- IATA: none; ICAO: ЬУММ;

Summary
- Coordinates: 55°4′55″N 38°8′41″E﻿ / ﻿55.08194°N 38.14472°E
- Interactive map of Malino Airfield

Runways
| Direction | Length |  | Surface |
| ft | m |
| 10/28 |  | 1,800х80 |  |

= Malino Airfield =

Malino is a military airfield in the Moscow region, located 3.5 km south-west of Malino, Moscow Oblast, Russia.

On March 23, 1943, the regiment of Vasily Stalin flew over to the Malino airfield near Moscow.

In the 1960s, a regiment based on Mi-4S helicopters was based in Malino, the main task of which was transportation and, if necessary, evacuation of the USSR leadership.
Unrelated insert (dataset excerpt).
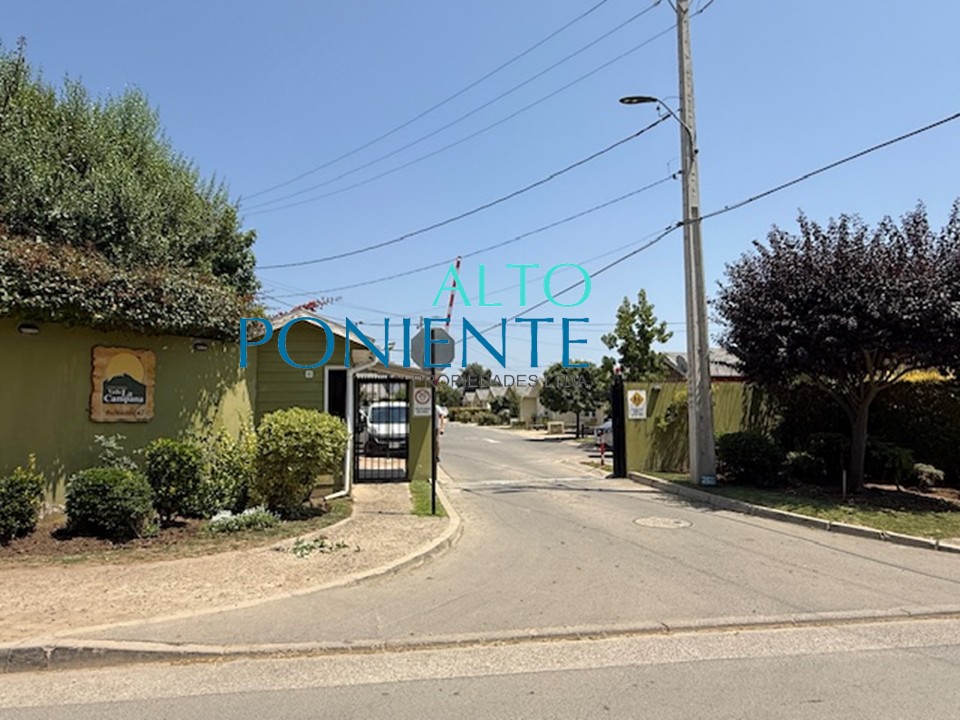 Exclusiva residencia en Condominio La Campana.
In the 1990s, the regiment was reduced to a squadron, and then re-formed into the 206th air base, which was part of the 8th ADON. The aircraft base contained Mi-8 helicopters of various modifications.

Mi-8 helicopters of the 206th aviation base took part in the parade on Red Square on May 9, 2008 in honor of the 63rd anniversary of the Great Victory over Nazi Germany.

On April 27, 2011, 7 Mi-8 helicopters redeployed from Malino to the Chkalovsky airfield. Only the commandant's office remained in Malino. The equipment and flight crews now serve at the Chkalovsky airfield.

Since 2016, the airfield is used for commercial purposes LLC "FlytZon".